FLRW cosmology as a conformal field theory in one dimension

Over the last decades, a vast set of results have shown that the near horizon region of black holes enjoys an unexpected conformal symmetry, allowing to provide an effective conformal description of the thermodynamical properties of these black holes. Additional surprising conformal structures have been found for test particles propagating on the near horizon region of various black hole spacetimes, allowing to reproduce several crucial features of these compact objects such as their spectroscopy, quasi-normal modes as well as their state counting using conformal field theory (CFT) technics. Just as black hole, cosmological spacetimes admit a thermodynamical interpretation. They are equipped with an entropy and their horizon radiate at a temperature given by their surface gravity. One could naturally wonder whether these thermodynamical properties can also be describe by CFT technics, just as for their black hole cousins. Recently, efforts have been devoted to investigate, from various perspectives, whether cosmological backgrounds exhibit also some hidden conformal symmetry. In this talk, I will show that, indeed, the simplest cosmological model consisting in the homogeneous and isotropic Einstein-Scalar system enjoys a new unexpected conformal symmetry.

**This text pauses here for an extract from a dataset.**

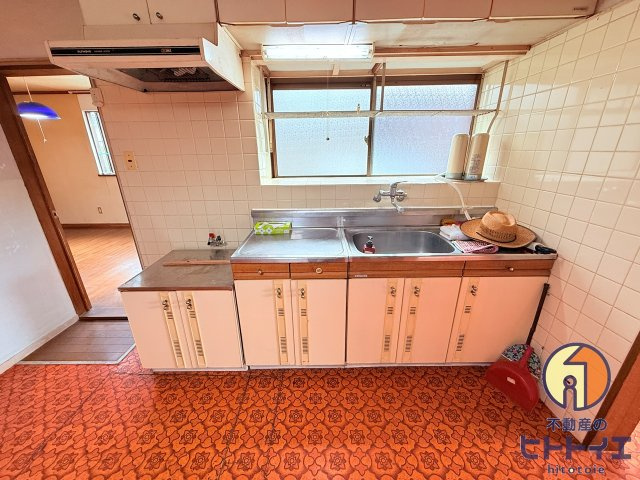 安武戸建のキッチン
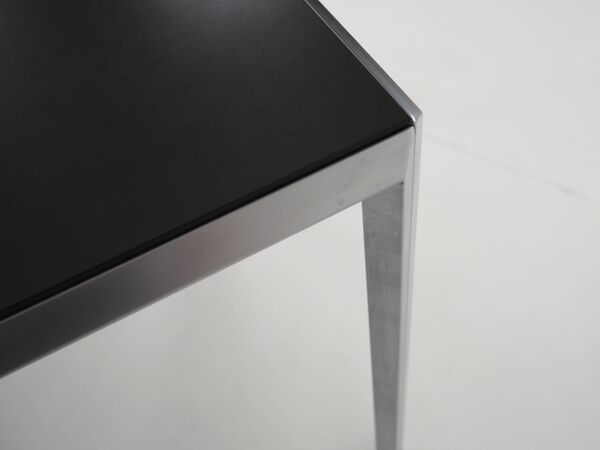 Bureau en aluminium, design scandinave, années 1980, fabrication : Montana Furniture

I will present in detail this symmetry, the new Noether's charges to this hidden conformal invariance and the associated CVH algebra which encodes this structure at the hamiltonian level. Then, I will also show that this cosmological system can be mapped to the so called conformal mechanics of de Alfaro, Fubini and Furlan, which provides the simplest example of a conformal field theory in 1d. Finally, I will discuss the consequences of this new conformal structure at the quantum level and how the standard form of the CFT two points function emerge in quantum cosmology.